Facebook event page
Trail's End Cafe at Cynwyd Station
Cynwyd Train Station - Conshohocken State Rd and Montgomery Ave., Bala Cynwyd, Pennsylvania 19004
Join us on Wednesday nights in the summer as we welcome local authors to share their writing. Each author will have books available for summer reading too!
The Little Gate-Crasher Author Talk with Gabrielle Kaplan-Mayer
You've never met anyone like Mace Bugen—he was 43 inches of unstoppable spirit and energy! Mace was a first-generation Jewish-American born in 1915—when society had low expectations for children born with differences. But Mace was smarter than most; over the years he learned to effectively turn what society in those days called a “handicap” into a powerful tool he could use to his advantage. Over a period of three decades, using his unique combination of guile, cunning, handicap, and sense of entitlement, Mace engineered photos of himself with some of the biggest celebrities of his day—among them Muhammad Ali, Jonas Salk, Jane Russell, Sammy Davis, Jr., Joe DiMaggio, and Richard Nixon—all featured in the book.The Little Gate-Crasher tells the story of how Mace became a self-made millionaire and a pillar in his Jewish community, and how his progressive-minded family gave him the confidence to lead a charmed life.
Join us for a fun evening that will lift your spirits as we share the life lessons from Mace’s grand adventures: his unstoppable spirit that shows there’s value in every person and his courage to face whatever obstacles life sends your way.
James Saunders will talk about his upcoming book Animal Dances.
The topic is «How Reality Instructs Fictionalization in this Historical Novel» As a well published author of scientific papers, but a neophyte to fiction writing, Jim is fascinated by the source of ideas that lead to a story line in Historical Fiction. He uses his own experience as an example. Animal Dances is a novel of World War I. The skeleton for the story is derived from the 173 letters that Harry C. Edwards wrote home to his family from France between 1918 and 1919. The letters are written by a young man with an 8th grade education and they rough out a story arc. But ideas spring from all sorts of different sources. Examples of where aspects of the novel emerged, based on real events, and they how they were massaged into fictionalization, will be given.
Simone Zelitch is the author of several novels, most recently Judenstaat (Tor-McMillan 2016).

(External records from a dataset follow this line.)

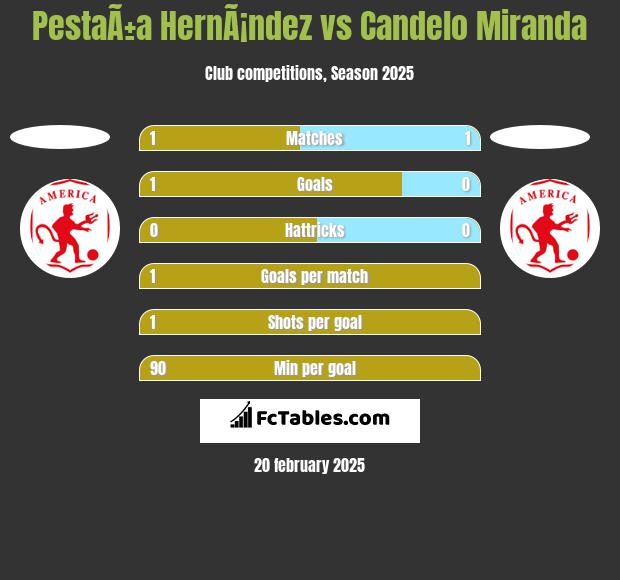 PestaÃ±a HernÃ¡ndez vs Candelo Miranda h2h player stats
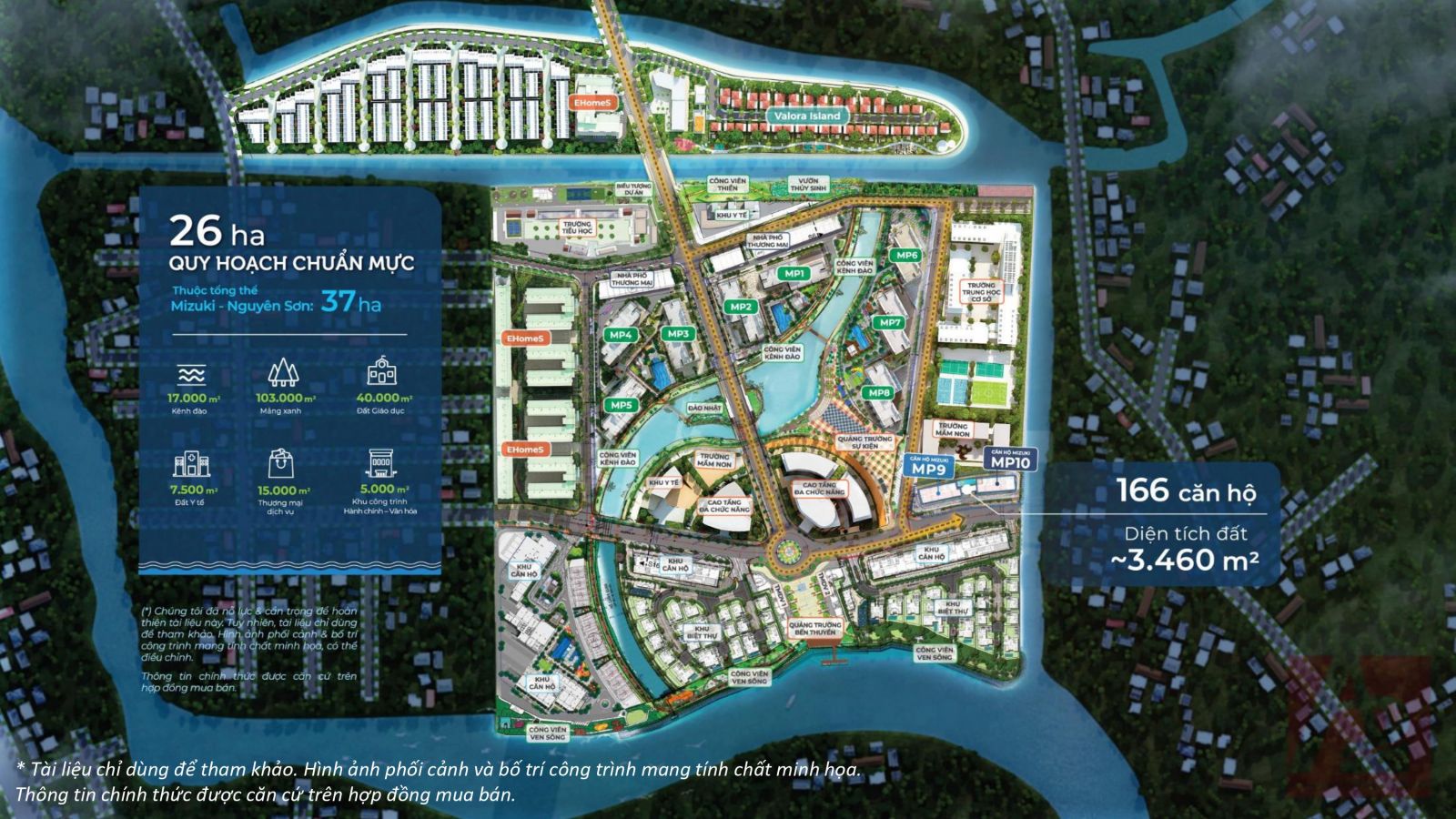 Vị trí MP9 MP10 Mizuki Park Nam Long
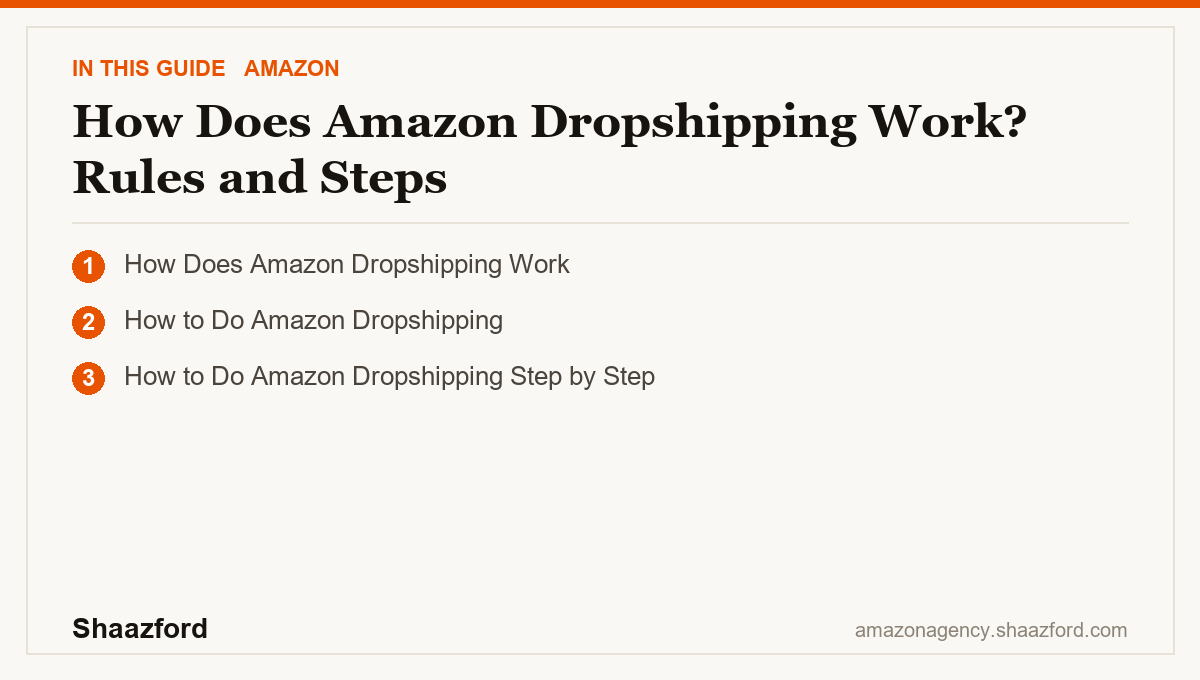 How Amazon dropshipping works: the customer, seller and supplier flow, the seller of record rule, and the setup steps at a glance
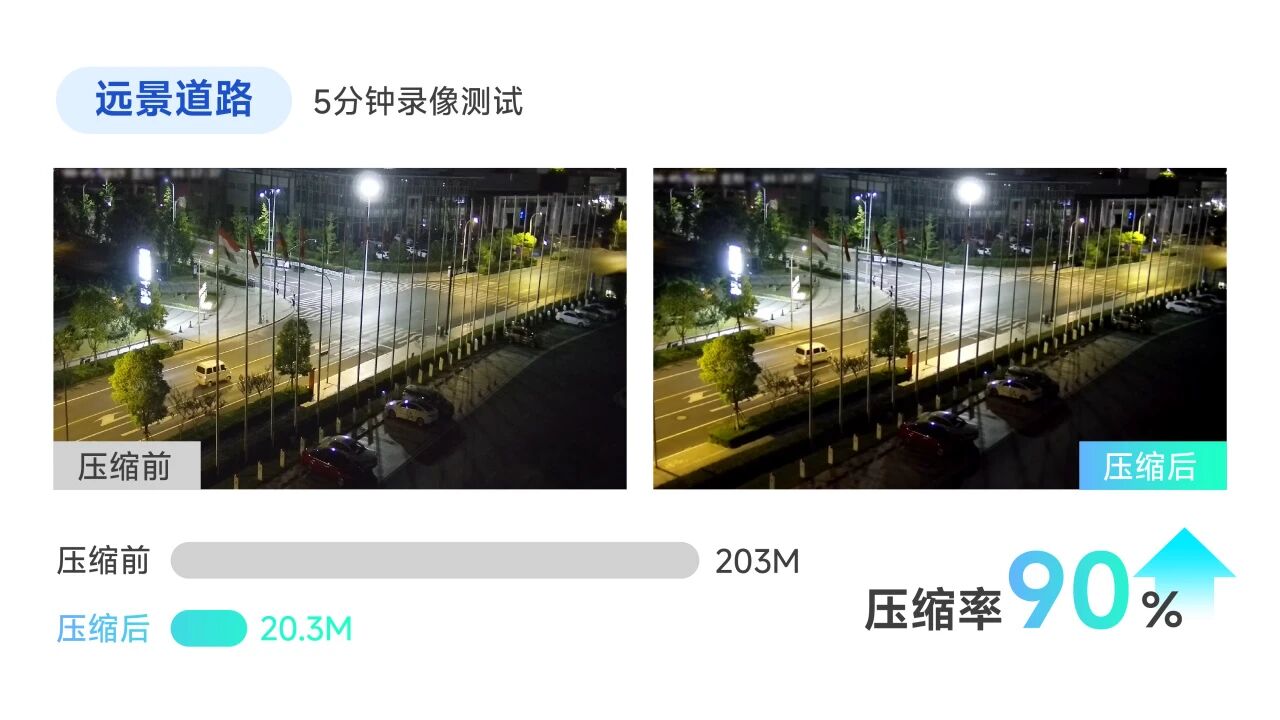海康威视观澜编码新技术：破解存储困局，释放视频核心价值#珠海海康威视代理商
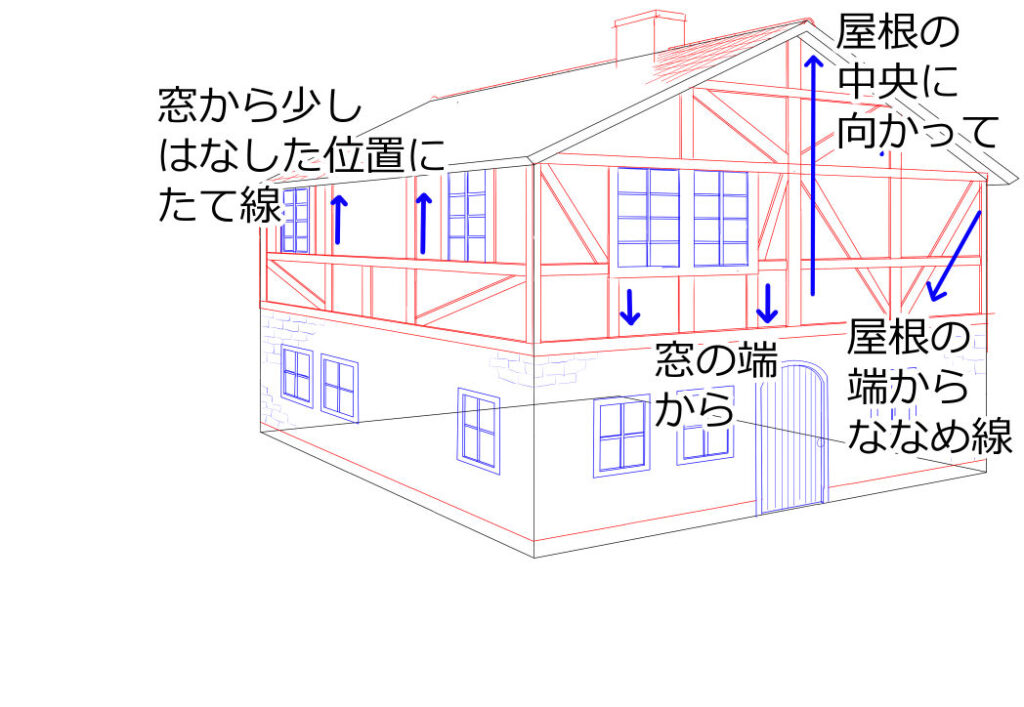 中世ヨーロッパの建物の外観の線の説明1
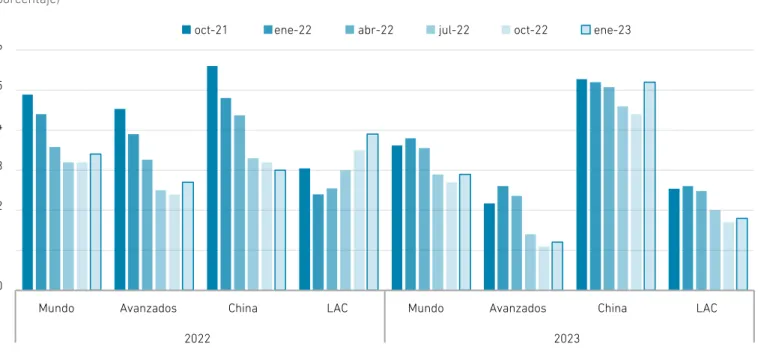 Gráfico II.1.1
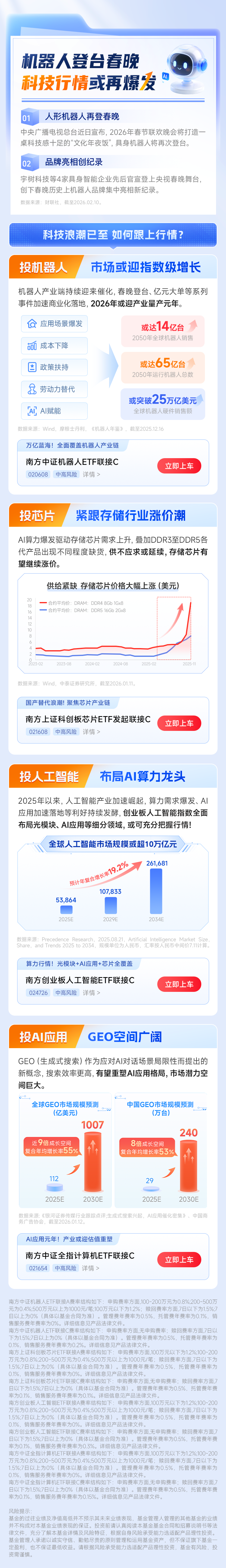 机器人组团上“春晚”，同款机器人被抢购，关注机器人ETF国泰（159551）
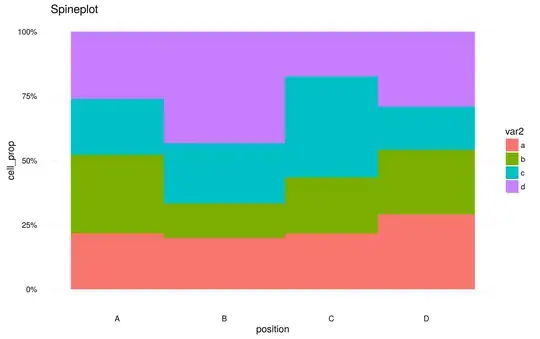 Multimodality affecting the shape, but not the mean or variance.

Her work has been featured on National Public Radio’s Hannukah Lights, and she received a National Endowment for the Arts grant in Fiction. She teaches at Community College of Philadelphia where she established their creative writing program and currently coordinates their English Degree.
Connie Garcia-Barrio, a native Philadelphian, has written for The Chestnut Hill Local, the Christian Science Monitor, and the Philadelphia Inquirer. Her writing awards include a scholarship from the International Women's Writing Guild and a magazine Journalism Award from the National Association of Black Journalists. She likes writing quirky pieces. Connie will share a few poems, short prose, songs and a family story or two!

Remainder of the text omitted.